EPSC Abstracts
Vol. 17, EPSC2024-49, 2024, updated on 03 Jul 2024
https://doi.org/10.5194/epsc2024-49
Europlanet Science Congress 2024
© Author(s) 2024. This work is distributed under
the Creative Commons Attribution 4.0 License.

MarsSI: Martian surface data processing service 

Matthieu Volat1, Cathy Quantin-Nataf1, Lucia Mandon2, Inès Torres1, and Cédric Millot1
Matthieu Volat et al.
  • 1Univ. Claude Bernard Lyon 1, CNRS, Observatoire de Lyon, LGL-TPE, 69100, Villeurbanne, France (matthieu.volat@univ-lyon1.fr)
  • 2Univ. Grenoble Alpes, CNRS, IPAG, 38000 Grenoble, France

Abstract

MarsSI (“Mars Système d’Information”, French for Mars Information System) is a service to explore, request, process and retrieve planetary surface data https://marssi.univ-lyon1.fr/MarsSI.

1 Introduction

Geological investigations of planetary surfaces require the combination of orbital datasets. Missions being often multiple-instruments platforms from multiple space agencies, the quantity of data available increased quickly. It is now large enough that a dedicated system has to be used to explore, calibrate, process and retrieve the relevant information.

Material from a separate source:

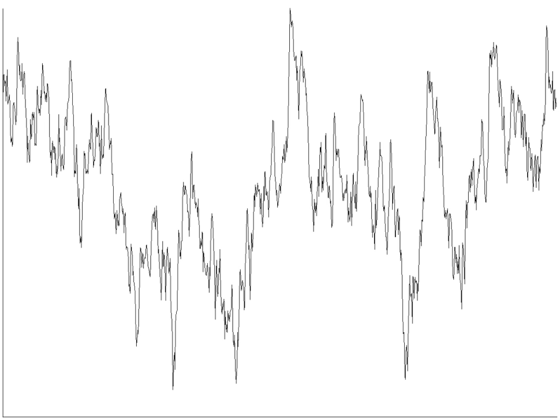Vacuum tubes exhibit shot noise because the electrons randomly leave the cathode and arrive at the anode. A tube may not exhibit the full shot noise effect. The presence of a space charge tends to smooth out the arrival times, thus reducing the randomness of the current.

MarsSI [1] is a platform developed in the context of the e-Mars project (2012-2017) to facilitate the use of combined orbital data. It was certified in 2017 as french national Research Infrastructure by the Centre National de la Recherche Scientifique (CNRS) as part of the Planetary Surface Portal (PSUP) [2]. The permanent staff currently consists of one scientist lead and one engineer.

2 Architecture

Hosted by ENS-Lyon, MarsSI hardware consists of a frontend server, a storage bay a storage bay and a 80 core cluster. For the software stack, we decided to rely mainly on software provided by the FOSS communities and standard and documented protocols such as those proposed by the Open Geospatial Consortium (http: //www.opengeospatial.org/), managed in a PostGIS (https://postgis.net/) database.

3 Catalog

As of 2024, MarsSI indexes and give access to optical data (visible, multi and hyper-spectral) and derived products from three missions: Mars Odyssey, Mars Express and Mars Reconnaissance Orbiter. Figure 2 shows all the referenced products and the processing that can be applied to them. Our emphasis was to provide ”ready-to-use” products in regards of calibration, corrections and georeferencing. The user will be able to visualize and interpret the data in GIS or remote sensing software.

3.1 Imagery

MarsSI provides access to various optical datasets for visible, multi- and hyper-spectral data from the various martian orbital missions over the years. For example, for the MRO mission, CTX and HiRISE images are calibrated and map projected using the ISIS software suite (https://isis.astrogeology.usgs.gov/). CRISM hyperspectral data is processed using the CRISM Analysis Toolkit (CAT) pipeline developed by the CRISM team [3][4]. Spectral cubes are calibrated to I/F and corrected from the atmospheric contribution with the volcano-scan method [5] and spectral parameter maps are produced. This procedure was also applied to the OMEGA dataset.

3.2 DEMs

We offer multiple Digital Elevation Model (DEM) datasets in MarsSI. Some of them are provided from external sources (such as those provided by the HiRISE and HSRC teams). But users can also requests med- and high- resolution DEMs generated using the Ames Stereo Pipeline software [6]. Possible DEMs are computed by analyzing the CTX and HiRISE coverage footprints to find image pairs with overlapping by at least 60% and a minimum deviation of 10° in emission angle. While these products are the results of automated procedures and cannot benefit from human quality control and fine tuning, they do provide much larger coverage of Mars surface: HiRISE team provided DEMs cover 0.04% of Mars surface, while MarsSI HiRISE-based DEMs cover 3.84% and CTX-based DEMs 16.93%. The DEM generation workflow was updated in 2020 with a completely new version[7].

4 User interface

MarsSI client interface is a web application that aims to be as straightforward as possible and received many updates in the previous years, starting with a complete rewrite. As shown on figure 3, the user can explore the datasets over a map interface. Data can be selected and sent to a workspace. The workspace view, shown on figure 4, allow to review products in detail. This is also where users will be able to request dataset processing. User can create more workspaces to organize their data selections.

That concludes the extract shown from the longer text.